You can fully recover from an eating disorder.

I feel a lot of dismay when someone says to me; “You know how you never really recover from an eating disorder?” as if it’s a known fact. I actually hear this statement with surprising frequency, and the person is usually pretty surprised to hear that I don’t agree.

While recovery is often a slow process, full recovery is absolutely possible. 

The Foundation of Eating Disorder Recovery: Your Body

Before I dive into how to obtain a full recovery psychologically, I want to address the foundation of recovery— the physical body.

The Key Principles of Physical Recovery

  • Nothing a therapist says can do as much for your mind as full weight restoration

  • Nothing a therapist says can do as much for your mind as regular eating and adequate nutrition

  • A body that is living in a semi starved state- and yes, you can be in a malnourished, even in a larger body- cannot feel safe enough to recover. Full stop.

So if you’re reading this article to find out the magic formula for recovery, but are suppressing your natural weight and shape through restrictive eating, you will not recover.

Restriction Keeps the Eating Disorder Alive

I have seen this over and over again in my clients— they are so terrified of feeding themselves an adequately and regularly that they decide they will wait for the eating disorder thoughts to get quieter and then they will nourish themselves.

But it never works in that direction (Boring, 2020).

The preoccupation with body size and shape will continue as long as food is restricted (Accurso et al., 2014).

The only way to break through that anxiety is to face it head on and nourish your body adequately, despite your fears. Support with this process should come from a dietitian who specializes in eating disorders and works best alongside therapy for eating disorders.

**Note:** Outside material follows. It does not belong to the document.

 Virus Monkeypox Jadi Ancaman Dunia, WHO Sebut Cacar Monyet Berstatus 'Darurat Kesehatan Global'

This Applies to Anorexia— as well as Bulimia and Binge Eating Disorder

This is true for people with restrictive eating disorders like anorexia nervosa (AN), but it is equally true for those struggling with binge eating disorder (BED) and bulimia nervosa (BN).

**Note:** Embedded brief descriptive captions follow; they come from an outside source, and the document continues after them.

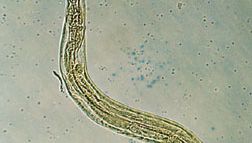 how do anthelmintics work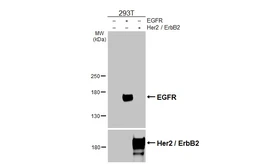 Anti-EGFR antibody [HL1097] used in Western Blot (WB). GTX642543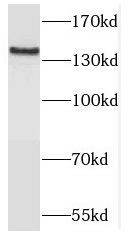 Western Blot: TRAPPC9 Antibody - BSA Free [NBP3-45739] - Mouse brain tissue were subjected to SDS PAGE followed by western blot with (TRAPPC9 antibody) at dilution of 1:800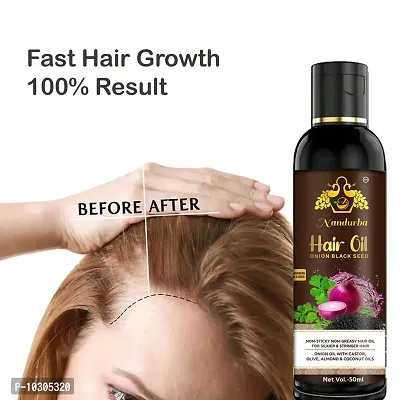 Hair Herbal Oil 50Mlfor Man And Women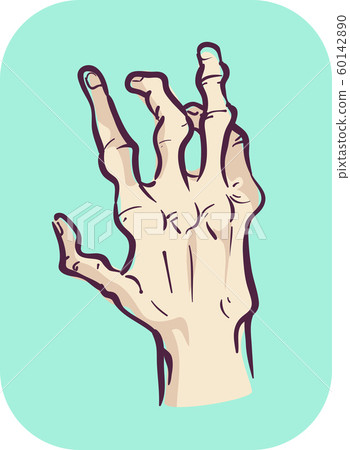 Hands Symptom Joint Deformity Illustration 60142890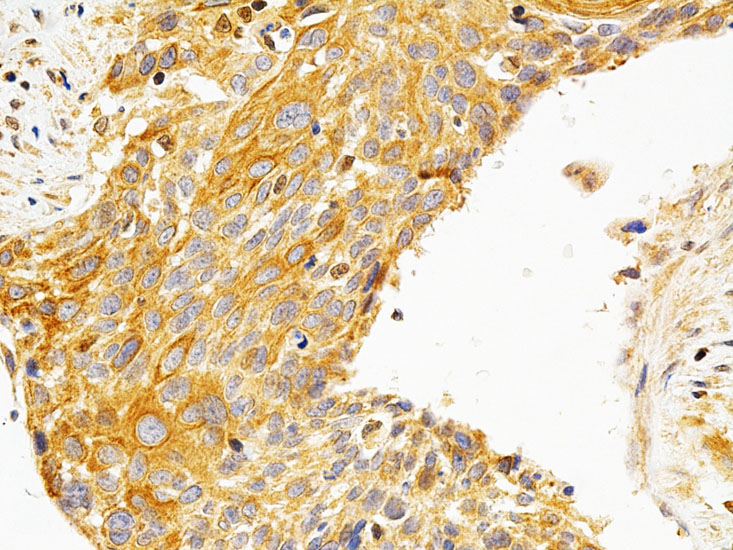 PKC epsilon Rabbit polyclonal antibody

Generally people with BN and BED identify their binging as the main problem, and feel if they could only stop binge eating, they would be ok.

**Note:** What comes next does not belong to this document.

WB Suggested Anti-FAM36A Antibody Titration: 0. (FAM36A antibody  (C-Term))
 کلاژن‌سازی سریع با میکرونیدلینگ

But in order to stop binge eating, you have to focus on regular, adequate nutrition so that the physiological impulse to binge is removed.

Clients with BN and BED are often unaware that they too are living in a state of semi-starvation in between binge eating episodes, but when we look at their food intake we can see that their chronic undereating sets them up to binge because their body is in a state of chronic stress and deprivation.

For more on the physiological and psychological impacts of semi-starvation, I encourage clients to learn more about the Minnesota Starvation Experiment (Gil, 2023). What’s striking about this study is that these were psychologically healthy men (in the 1940s), who, when semi-starved, became preoccupied with food, anxious, depressed, and obsessive.

In other words, many of the thoughts and behaviors people attribute to “having an eating disorder” can actually be the direct result of not eating enough.

This should be shocking news to everyone reading this; it certainly was for me when I first learned it.

Many of the “symptoms” of an eating disorder are, at least in part, the result of being undernourished. When the body is adequately nourished, body image distress and anxious, preoccupied thoughts tend to soften, usually far more than people expect.

How Eating Disorders “Help” Emotionally

Adequate nutrition is just the first step, but a critical one . Once that is firmly in place, we can explore what in the person's inner emotional world has made disordered eating such a compelling experience. This is the core of depth-oriented eating disorder therapy.

People don’t do things without good reason.

From the outside we can all agree that eating disorders are tragic and destructive, but they don’t feel that way from the inside.

To a person with an eating disorder, disordered behaviors are the solution to emotional problems beyond their capacity to cope.

They are helping you avoid pain.
They are helping you cope with vulnerable emotions.
There are a myriad of reasons the eating disorder persists, but the underlying commonality is that the behaviors (yes, even the ones you hate) are serving you. 

Some people describe their eating disorder as being like a friend. A comforting hug. A feeling that everything is going to be okay when the world feels out of control. A way to lower anxiety. A way to feel confident. A way to make your inner pain visible on the outside. A way to hide your pain from the world.

They serve many emotional purposes, some of them seemingly contradictory, but the intention behind them is always protective.

After all, don’t we all want to feel comfortable?

Meeting Your Needs Without the Eating Disorder

If we can find another way to meet your needs, the eating disorder loses its power.

If you can learn to prioritize listening to your body's signals and trusting those messages above all external messages, you can recover. 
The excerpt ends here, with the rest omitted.